Of course, like any mysterious box in fiction, eventually it must be unlocked, and when it is, thousands of miles away in America, the horrors inside are set free. Horrors that drive honourable men to commit dishonourable acts, and some to kill the things they loved the most... then themselves. Whispering horrors that strip their souls and change their natures.
Among those affected are a group of ex-soldiers who had smuggled artefacts from the war zone to sell in order to help their comrades who were damaged mentally and physically in the conflict. But those whispering voices told them to keep the money and to hell with their friends.

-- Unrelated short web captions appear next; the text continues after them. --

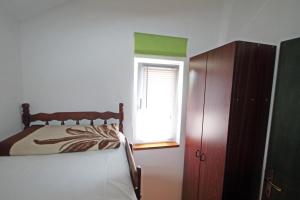 Schlafzimmer mit einem Bett, einem Fenster und einem Schrank in der Unterkunft Apartments by the sea Vinjerac, Zadar - 10413 in Vinjerac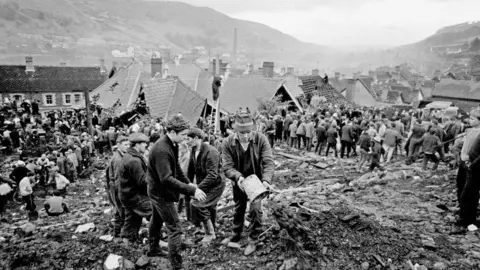 Getty Images A black and white image showing a mound of coal waste smothering the ruined Pantglas Junior School in Aberfan. Dozens of rescue workers can be seen standing near the roof of the school, which is surrounded by slurry. Some men in the foreground are emptying buckets of waste which are being passed back along a human chain. In the background are rows of terraced houses and a chimney stack, along with the hillside on the opposite side of the valley.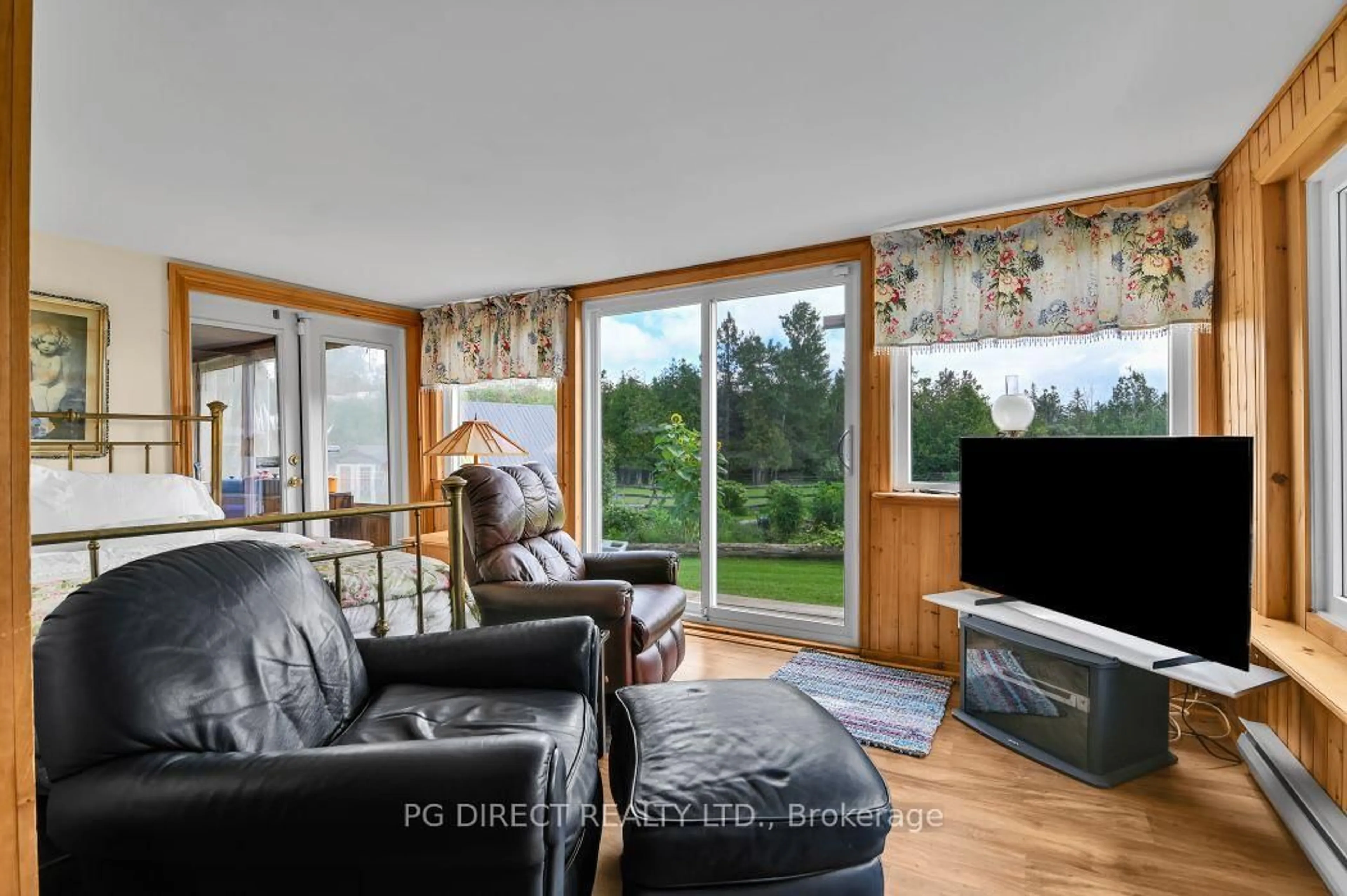 Living room with furniture, wood/laminate floor for 1563 9th Line, Beckwith Ontario K1C 3P2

A little later, up in northern Maine, where those same soldiers are doing their business, private detective Charlie Parker is offered a job. An old man wants him to find out why his son killed himself; the boy was an Iraq veteran, and the third of his group to commit suicide. Parker takes the job and finds himself in more trouble than he can imagine. And he can imagine a lot of trouble.
Though John Connolly's last couple of Charlie Parker novels weren't quite up to speed, this effort is right back on the money. As much fantasy as crime fiction, The Whisperers brings back some of Parker's previous friends and enemies, as well as introducing a few new names. They include Herod, a man so riddled with cancer that his body is literally falling apart. He can hardly wait to die, but is not allowed to by a man who follows him relentlessly. Then there are Angel and Louis, staunch friends who would do anything for their buddy. They are stone killers both – and participate in a tour de force finale in a book which will surely be a bestseller this summer. It well deserves to be.